International peacekeepers have lately taken to visiting Ramallah to try and solve the increasing differences in relations between Yasser Arafat, the Head of the Palestinian National Authority, and Abu Mazen, the Prime Minister.
The differences, or rather the crisis as some local observers prefer to call it, arose from Arafat's refusal to accept the list of ministers of the new Palestinian government as proposed by Abu Mazen.
For instance, he is dead set against the suggestion to appoint Muhammed Dahlan, former Head of the Security service in Gaza, the Interior Minister. According to observers, Arafat probably disapproves of Dahlan's earlier independence and is loath to entrust him with as important power structure as this. Arafat also demands that the new government would keep at least 12 ministers from the previous cabinet.
Abu Mazen retorts to this by threatening to resign.
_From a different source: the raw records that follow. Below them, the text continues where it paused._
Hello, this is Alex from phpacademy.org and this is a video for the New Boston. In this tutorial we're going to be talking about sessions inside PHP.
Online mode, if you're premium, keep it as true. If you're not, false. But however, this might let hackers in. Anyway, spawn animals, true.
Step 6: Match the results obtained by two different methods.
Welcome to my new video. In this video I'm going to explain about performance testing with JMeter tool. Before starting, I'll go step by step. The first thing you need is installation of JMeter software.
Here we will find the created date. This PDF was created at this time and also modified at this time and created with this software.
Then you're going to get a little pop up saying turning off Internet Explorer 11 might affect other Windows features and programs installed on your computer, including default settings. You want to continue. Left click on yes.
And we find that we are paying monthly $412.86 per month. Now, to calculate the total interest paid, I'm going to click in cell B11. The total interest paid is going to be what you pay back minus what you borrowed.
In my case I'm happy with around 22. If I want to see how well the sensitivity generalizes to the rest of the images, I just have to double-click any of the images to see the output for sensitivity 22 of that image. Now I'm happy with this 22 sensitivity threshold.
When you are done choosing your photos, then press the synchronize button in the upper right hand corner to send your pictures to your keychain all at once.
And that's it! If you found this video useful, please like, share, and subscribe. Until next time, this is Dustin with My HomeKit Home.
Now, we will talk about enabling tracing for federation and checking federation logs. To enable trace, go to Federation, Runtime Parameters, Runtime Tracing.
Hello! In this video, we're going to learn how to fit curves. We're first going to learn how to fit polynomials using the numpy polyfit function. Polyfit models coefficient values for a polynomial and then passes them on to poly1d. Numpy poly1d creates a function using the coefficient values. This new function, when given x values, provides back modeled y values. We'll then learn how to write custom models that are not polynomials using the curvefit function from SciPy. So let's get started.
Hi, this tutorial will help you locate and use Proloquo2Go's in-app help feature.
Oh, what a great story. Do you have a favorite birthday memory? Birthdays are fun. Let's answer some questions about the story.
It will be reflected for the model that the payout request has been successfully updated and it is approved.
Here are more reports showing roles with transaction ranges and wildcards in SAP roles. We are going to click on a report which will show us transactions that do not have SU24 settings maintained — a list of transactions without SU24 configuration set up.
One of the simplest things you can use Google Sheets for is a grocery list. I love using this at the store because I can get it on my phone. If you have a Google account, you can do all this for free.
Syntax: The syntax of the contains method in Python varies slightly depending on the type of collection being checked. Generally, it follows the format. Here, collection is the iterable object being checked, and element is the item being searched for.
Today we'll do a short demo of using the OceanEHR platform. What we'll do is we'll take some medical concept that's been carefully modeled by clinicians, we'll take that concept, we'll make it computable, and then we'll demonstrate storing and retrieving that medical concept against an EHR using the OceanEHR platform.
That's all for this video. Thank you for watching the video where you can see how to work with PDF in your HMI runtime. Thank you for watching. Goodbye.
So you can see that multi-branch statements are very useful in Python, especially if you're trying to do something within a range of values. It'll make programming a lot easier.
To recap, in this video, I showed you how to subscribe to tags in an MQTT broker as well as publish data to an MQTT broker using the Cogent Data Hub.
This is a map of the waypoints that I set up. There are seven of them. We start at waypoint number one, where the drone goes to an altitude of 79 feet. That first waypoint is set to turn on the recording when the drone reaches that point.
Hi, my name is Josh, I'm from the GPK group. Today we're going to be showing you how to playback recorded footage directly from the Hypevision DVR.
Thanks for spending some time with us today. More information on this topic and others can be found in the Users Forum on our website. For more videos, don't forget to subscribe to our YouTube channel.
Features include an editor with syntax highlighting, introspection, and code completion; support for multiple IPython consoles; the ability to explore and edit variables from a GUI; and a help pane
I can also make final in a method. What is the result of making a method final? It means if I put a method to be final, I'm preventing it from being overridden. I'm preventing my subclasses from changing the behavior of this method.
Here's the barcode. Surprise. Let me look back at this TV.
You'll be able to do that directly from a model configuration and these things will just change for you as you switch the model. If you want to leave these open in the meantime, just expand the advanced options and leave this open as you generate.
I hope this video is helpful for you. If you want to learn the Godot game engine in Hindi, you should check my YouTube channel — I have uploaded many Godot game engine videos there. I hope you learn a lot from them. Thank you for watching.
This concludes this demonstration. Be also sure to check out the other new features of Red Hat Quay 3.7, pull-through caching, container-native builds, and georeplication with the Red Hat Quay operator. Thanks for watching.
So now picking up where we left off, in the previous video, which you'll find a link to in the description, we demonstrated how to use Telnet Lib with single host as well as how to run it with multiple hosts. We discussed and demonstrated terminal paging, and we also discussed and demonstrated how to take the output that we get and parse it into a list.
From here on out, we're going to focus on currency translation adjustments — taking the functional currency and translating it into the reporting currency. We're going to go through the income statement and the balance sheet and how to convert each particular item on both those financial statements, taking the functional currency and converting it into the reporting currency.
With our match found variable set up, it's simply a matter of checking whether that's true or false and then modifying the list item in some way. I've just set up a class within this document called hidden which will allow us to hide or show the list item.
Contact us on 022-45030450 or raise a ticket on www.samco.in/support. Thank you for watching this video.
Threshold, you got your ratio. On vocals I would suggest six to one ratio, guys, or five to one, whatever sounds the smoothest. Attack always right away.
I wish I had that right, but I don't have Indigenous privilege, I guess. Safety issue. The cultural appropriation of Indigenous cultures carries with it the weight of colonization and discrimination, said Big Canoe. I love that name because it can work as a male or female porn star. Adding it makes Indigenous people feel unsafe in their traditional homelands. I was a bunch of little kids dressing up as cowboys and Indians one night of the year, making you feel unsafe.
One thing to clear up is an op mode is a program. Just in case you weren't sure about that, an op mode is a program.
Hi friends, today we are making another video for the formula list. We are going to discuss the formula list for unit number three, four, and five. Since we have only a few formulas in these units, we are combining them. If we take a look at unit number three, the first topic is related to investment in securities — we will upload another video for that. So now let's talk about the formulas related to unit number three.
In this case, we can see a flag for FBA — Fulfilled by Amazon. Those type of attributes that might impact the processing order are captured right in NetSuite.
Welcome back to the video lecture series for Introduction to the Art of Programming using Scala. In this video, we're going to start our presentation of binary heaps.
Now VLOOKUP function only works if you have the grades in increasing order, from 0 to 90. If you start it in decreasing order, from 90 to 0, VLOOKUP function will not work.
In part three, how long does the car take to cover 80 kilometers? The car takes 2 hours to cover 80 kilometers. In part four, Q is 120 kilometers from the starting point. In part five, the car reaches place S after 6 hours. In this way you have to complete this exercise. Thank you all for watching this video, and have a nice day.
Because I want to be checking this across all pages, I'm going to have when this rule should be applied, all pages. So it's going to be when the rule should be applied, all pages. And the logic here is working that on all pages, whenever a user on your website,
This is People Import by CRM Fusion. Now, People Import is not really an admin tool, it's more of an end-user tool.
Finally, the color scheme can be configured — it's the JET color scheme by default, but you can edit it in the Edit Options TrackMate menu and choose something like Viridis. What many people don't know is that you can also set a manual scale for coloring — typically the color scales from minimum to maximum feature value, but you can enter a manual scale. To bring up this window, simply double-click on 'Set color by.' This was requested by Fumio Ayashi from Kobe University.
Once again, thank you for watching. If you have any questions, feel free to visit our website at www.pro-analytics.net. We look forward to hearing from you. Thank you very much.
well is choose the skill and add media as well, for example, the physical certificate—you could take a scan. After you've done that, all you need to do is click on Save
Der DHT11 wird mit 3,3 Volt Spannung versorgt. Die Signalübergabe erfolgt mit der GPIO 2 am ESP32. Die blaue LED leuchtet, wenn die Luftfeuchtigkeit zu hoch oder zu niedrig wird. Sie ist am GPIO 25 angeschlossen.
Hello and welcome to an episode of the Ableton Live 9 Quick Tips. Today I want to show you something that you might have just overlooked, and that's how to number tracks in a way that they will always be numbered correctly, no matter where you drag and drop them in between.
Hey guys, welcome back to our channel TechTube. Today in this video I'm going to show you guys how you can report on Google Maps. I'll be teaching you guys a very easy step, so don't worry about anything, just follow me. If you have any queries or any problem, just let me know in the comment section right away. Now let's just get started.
In the meantime, it was the new Palestinian government that international peacekeepers have been counting on to help launch the Road Map plan of the so-called Middle East Quartet. The association, which purpose is to put an end to the Israeli-Palestinian confrontation, unites Russia, the USA, the United Nations, and the European Union.
Envoys from the quartet's four parties are now going out of their way to influence the Palestinian leadership and help create a new government, obviously hoping to launch their plan as soon as possible.
At least, that is what Andrei Vdovin, the Russian President's Special Envoy to the Middle East, who arrived in the region on Tuesday and met with Yasser Arafat and Abu Mazen in Ramallah, told RIA Novosti.
Vdovin said in a RIA Novosti interview that his Ramallah meetings proved that the prospect for forming a new cabinet is somewhat bleak for the moment due to disagreements on some of the appointments. However, he thinks the way out will hopefully be found and a new trusted cabinet will be formed in Palestine.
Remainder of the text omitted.